After John is released, Fiz supports his return to Weatherfield, despite opposition from some residents. John later steals the identity of former colleague Colin Fishwick in order to teach again, and Fiz reluctantly agrees to keep his secret. She becomes pregnant and gives birth prematurely to their daughter Hope after being injured in the explosion at The Joinery.

John’s crimes gradually unravel, and Fiz becomes implicated after posing as Colin’s wife in connection with Joy Fishwick’s inheritance. After John flees, Fiz is arrested and charged in connection with the deaths linked to him. She is remanded in custody and struggles in prison while separated from Hope. At trial, she is found not guilty of the murders of Joy Fishwick and Charlotte Hoyle, but guilty of Colin Fishwick’s murder. John later gives a statement before dying from injuries sustained in a car crash, and Fiz eventually gains her release.
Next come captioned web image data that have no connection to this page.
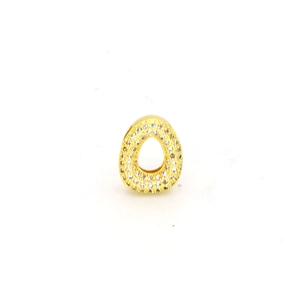 Detailed macro view of a gold-plated oval charm featuring micro-pave white zircon stones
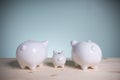 Family white three piggy bank on old wood looking at green background. Father and mother little piggyback training save money for Royalty Free Stock Photo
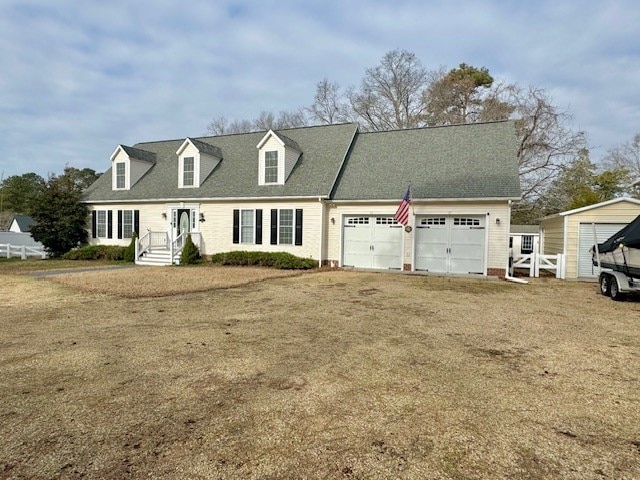 cape cod house with roof with shingles and dirt driveway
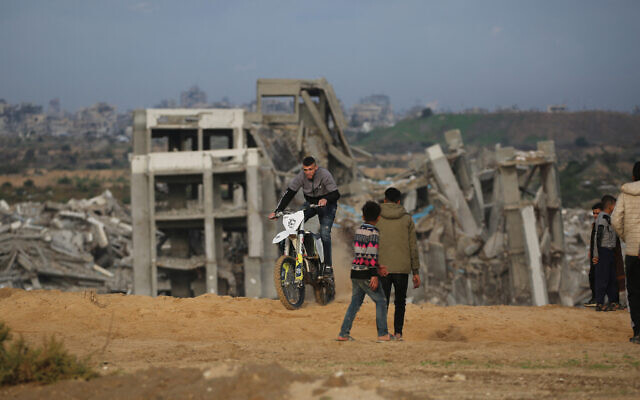 Displaced Palestinians watch as a motorcyclist rides on the sand dunes opposite destroyed buildings in Nuseirat camp in the central Gaza Strip on December 19, 2025. (Eyad Baba / AFP) Displaced Palestinians watch as a motorcyclist rides on the sand dunes opposite destroyed buildings in Nuseirat camp in the central Gaza Strip on December 19, 2025. (Eyad Baba / AFP)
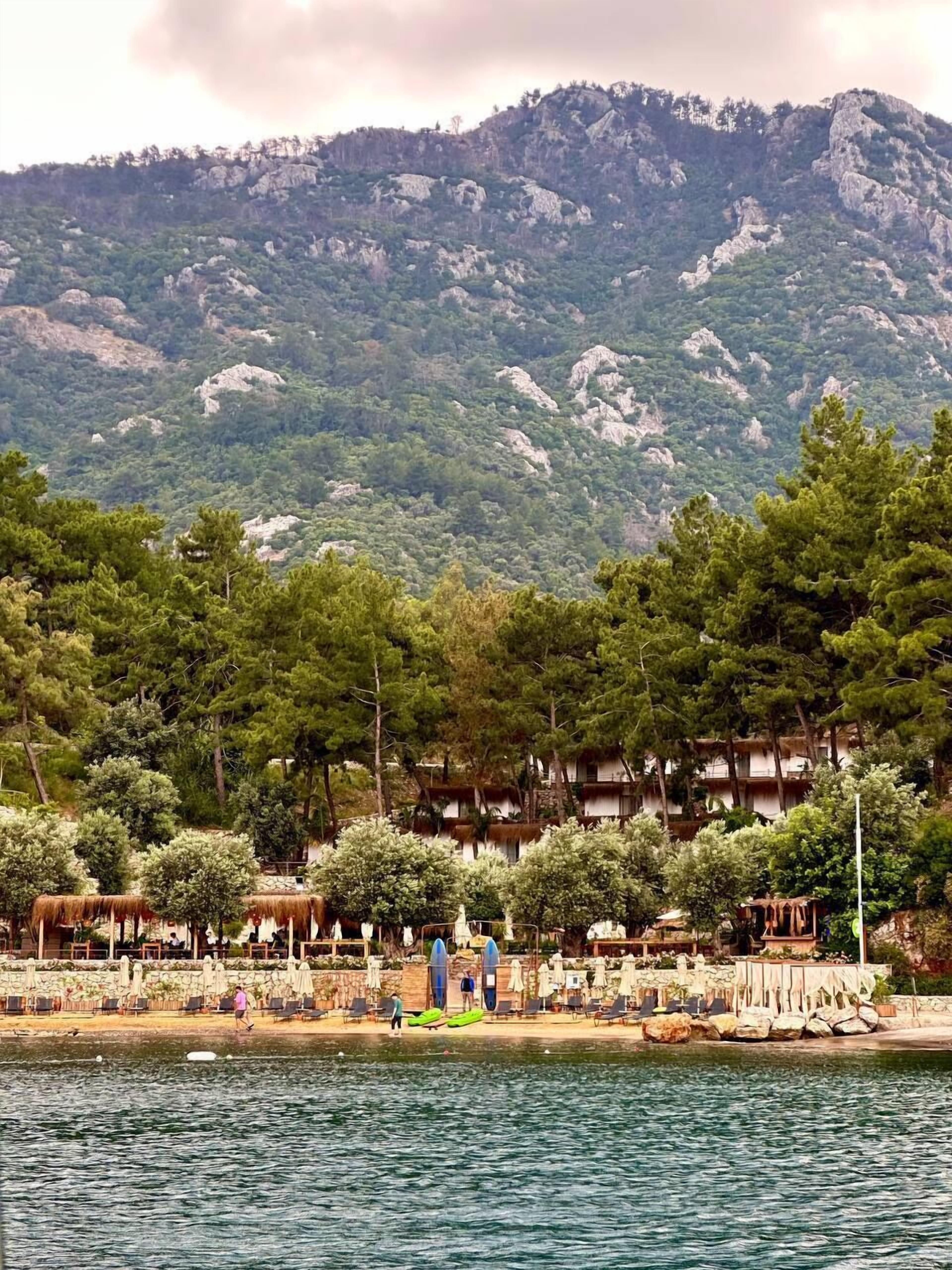 A coastal hotel with outdoor seating and umbrellas, overlooking a body of water and a mountainous backdrop.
Fiz later becomes involved in Tyrone’s abusive relationship with Kirsty Soames. After discovering that Kirsty is attacking Tyrone, Fiz supports him, and the two begin an affair. Kirsty exposes their relationship before her wedding to Tyrone, then falsely accuses Tyrone of abusing her. She later admits the truth in court, and Tyrone is cleared.

Fiz is devastated when Hayley is diagnosed with terminal pancreatic cancer. After Hayley’s death in January 2014, Fiz supports Roy, although she initially reacts angrily when she learns that Hayley ended her own life.

In 2015, Fiz and Tyrone learn that Hope has neuroblastoma. Hope eventually recovers, but Fiz and Tyrone face financial difficulties after trying to give her a perfect Christmas during her illness.

In 2019, Hope’s behaviour leads to her being home-schooled by care worker Jade Rowan. Jade is later revealed to be John Stape’s daughter and manipulates Hope as part of a plan to take revenge on Fiz. Social services remove Hope and Ruby from Fiz and Tyrone’s home, but the allegations against Fiz are eventually dropped after Tyrone finds evidence of Jade’s manipulation.

In 2021, Tyrone admits that he is in love with Alina Pop, ending his relationship with Fiz. Fiz later meets Phill Whittaker and begins dating him. In 2022, Fiz and Phill marry, but she ends the marriage at the reception after realising that she still loves Tyrone. Fiz and Tyrone reconcile and marry later that year.

==Reception==
For her role as Fiz, McAlpine was nominated for "Best Actress" at the 2007 Inside Soap Awards. In 2016, Laura-Jayne Tyler from Inside Soap criticised Fiz' constant "nagging", writing "We do like Fiz, but it was one of those weeks where were thankful for the volume button". In 2021, McAlpine was longlisted for "Best Actress" for the Inside Soap Awards for her role as Fiz.